アルコール依存症がアルコール使用障害へ、これは何か違和感を感じますが慣れないといけません。精神分裂病が統合失調症に変更されたように決まったことはそれとして今日からカルテ記載時に気を付けます。

 ■変わる主な病名や用語の一覧(日本精神神経学会による)

アルコール依存症         → アルコール使用障害

性同一性障害           → 性別違和

神経性無食欲症(拒食症)     → 神経性やせ症

解離性同一性障害(多重人格)   → 解離性同一症

注意欠如・多動性障害(ADHD) → 注意欠如・多動症

アスペルガー症候群、自閉症    → 自閉スペクトラム症

言語障害             → 言語症

 ■新しい病気

・カフェイン使用障害

・インターネットゲーム障害

心の病の名称や用語について、日本精神神経学会が新しい指針を作り、28日公表した。「アルコール依存症」を「アルコール使用障害」などに変更した。学会は今後、全国の診療現場で使うように呼びかける。

 国内でも広く使われている、米国精神医学会の診断手引「DSM―5」が昨年5月に改訂された。様々な訳語が出て混乱しないように、関連学会が共同で名称を検討した。

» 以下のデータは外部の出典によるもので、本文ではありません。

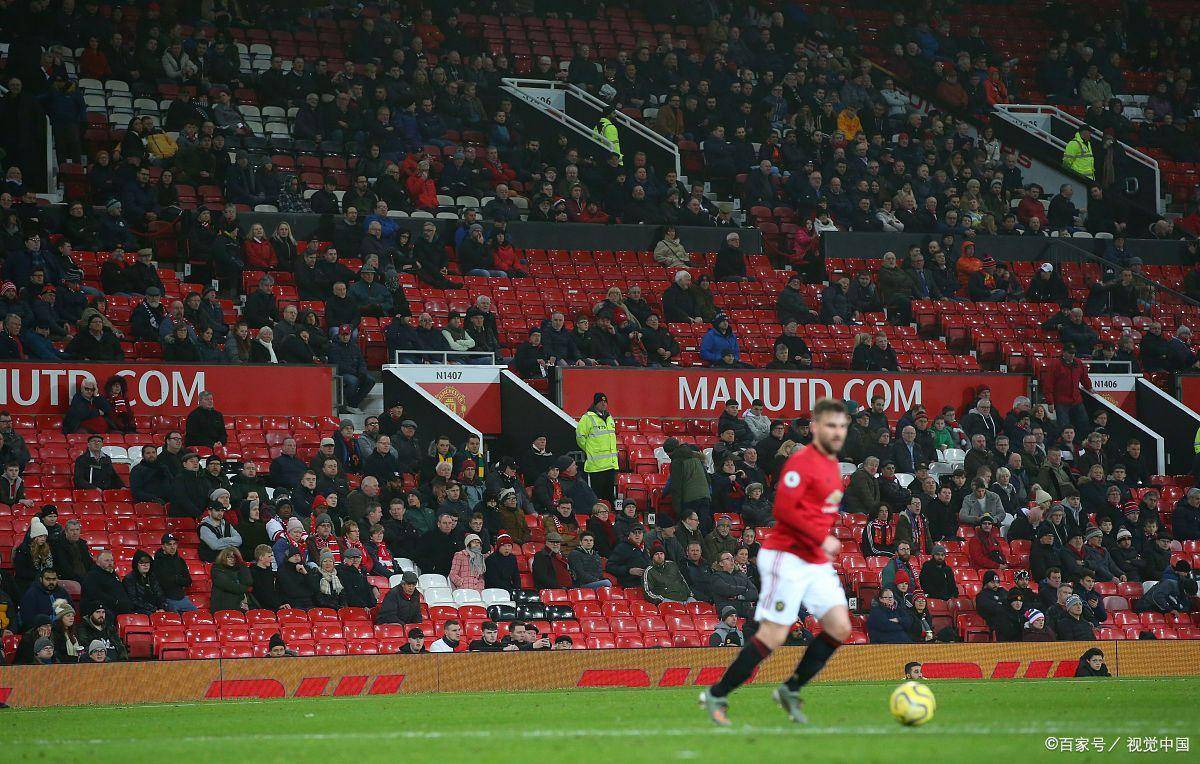 包含集结日门兴格拉德巴赫手感冰凉国际比赛日AC米兰回应争议，门兴格拉德巴赫今夜遗憾出局直接炸裂的词条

 「性同一性障害」は本人が実感として感じる「性別違和」。「神経性無食欲症」は食欲がないわけではなく、やせたいという願望があるので、「神経性やせ症」に変えた。子どもの時期に多い病気を中心に、「障害」という言葉を使うのを減らした。(桜井林太郎)

朝日新聞  2014年5月29日(木) 配信

2014年1月20日 (月)

脳外科でよく使う内服薬

当院採用の内服薬で脳外科でよく処方するを看護師さん向けに40分間で講義した1/15/2014分を総務の宮崎さんがyoutubeにアップしてくれました。ありがとうございます。当日勤務、都合で聴けなかった看護師さんの役に立ってくれたら幸いです。